##### Input data #####

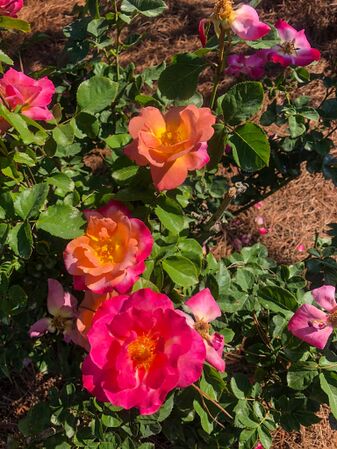 Coffee Country, Ruth;s Rose Garden, Florida Southern College, Malcolm Manners 9-1-w.jpg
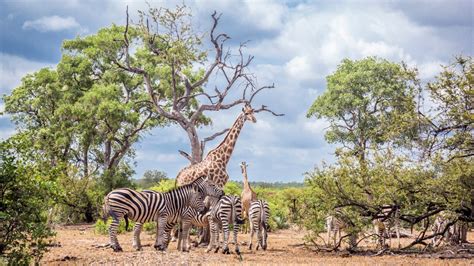 Kruger National Park Mpumalanga And Limpopo Provinces Travel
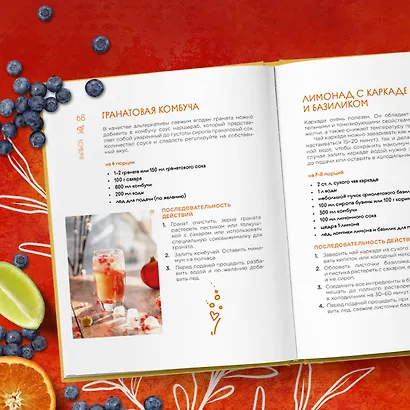 Комбуча. Искусство сочетания вкуса и пользы. Рецепты чайного гриба и напитков из него. - фото 11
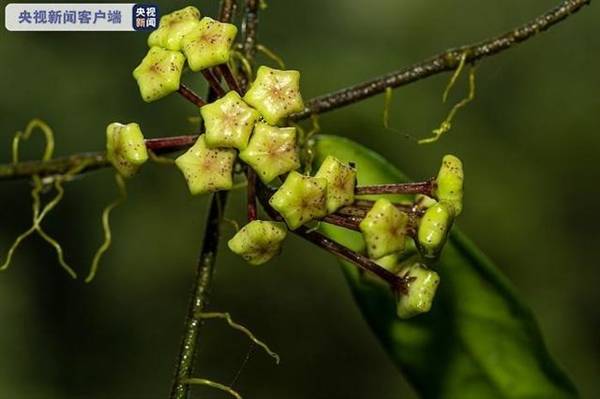 云南龙陵首次发现高黎贡球兰,不仅丰富了小黑山保护区野生球兰花卉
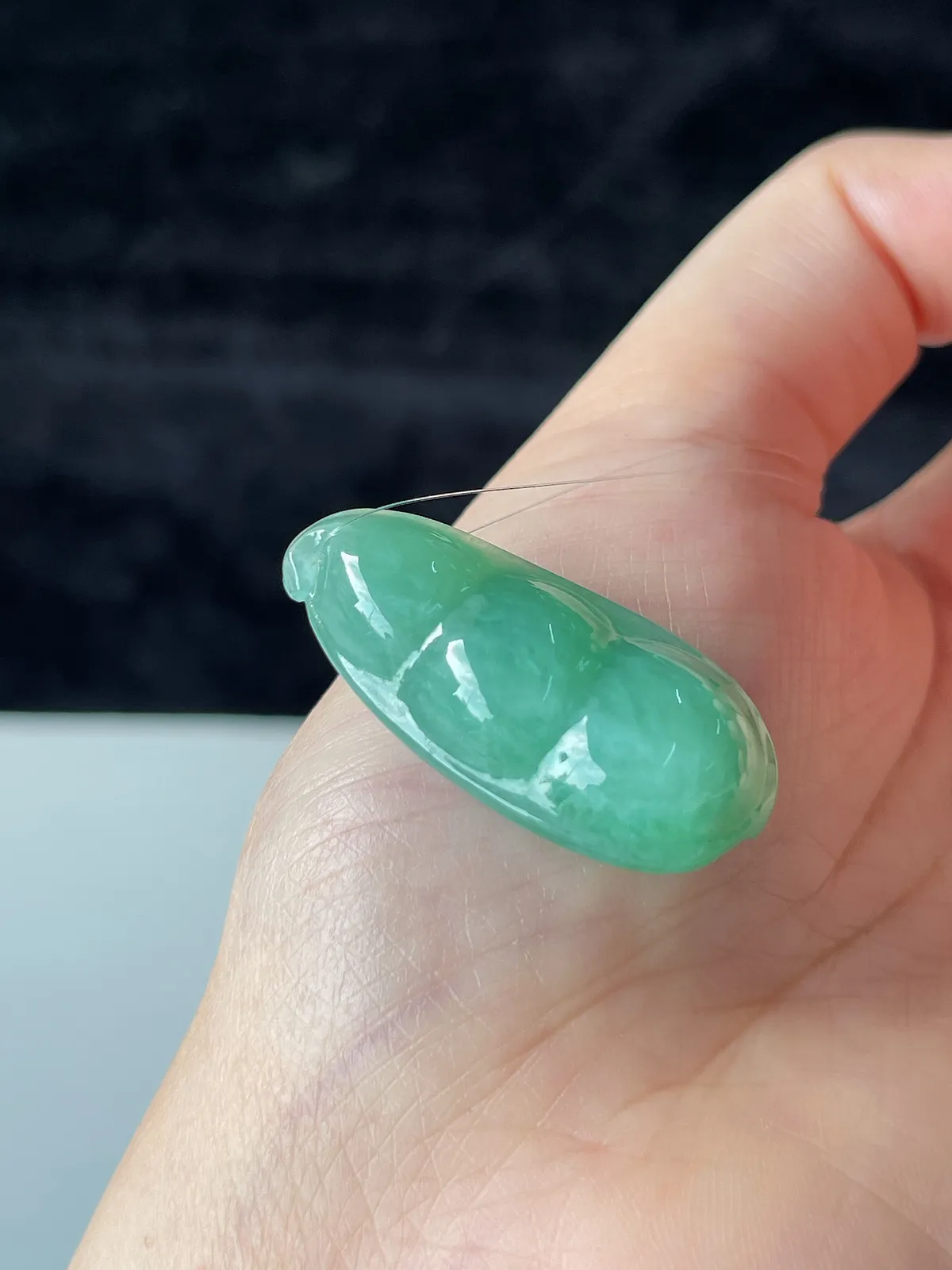 翡翠糯化种浅绿色福豆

#####

## Task objective
Quote the listing above in full, except for the pictures.

## Result below
 Coffee Country, Ruth;s Rose Garden, Florida Southern College, Malcolm Manners 9-1-w.jpg
 Kruger National Park Mpumalanga And Limpopo Provinces Travel
 Комбуча. Искусство сочетания вкуса и пользы. Рецепты чайного гриба и напитков из него. - фото 11
 云南龙陵首次发现高黎贡球兰,不仅丰富了小黑山保护区野生球兰花卉
 翡翠糯化种浅绿色福豆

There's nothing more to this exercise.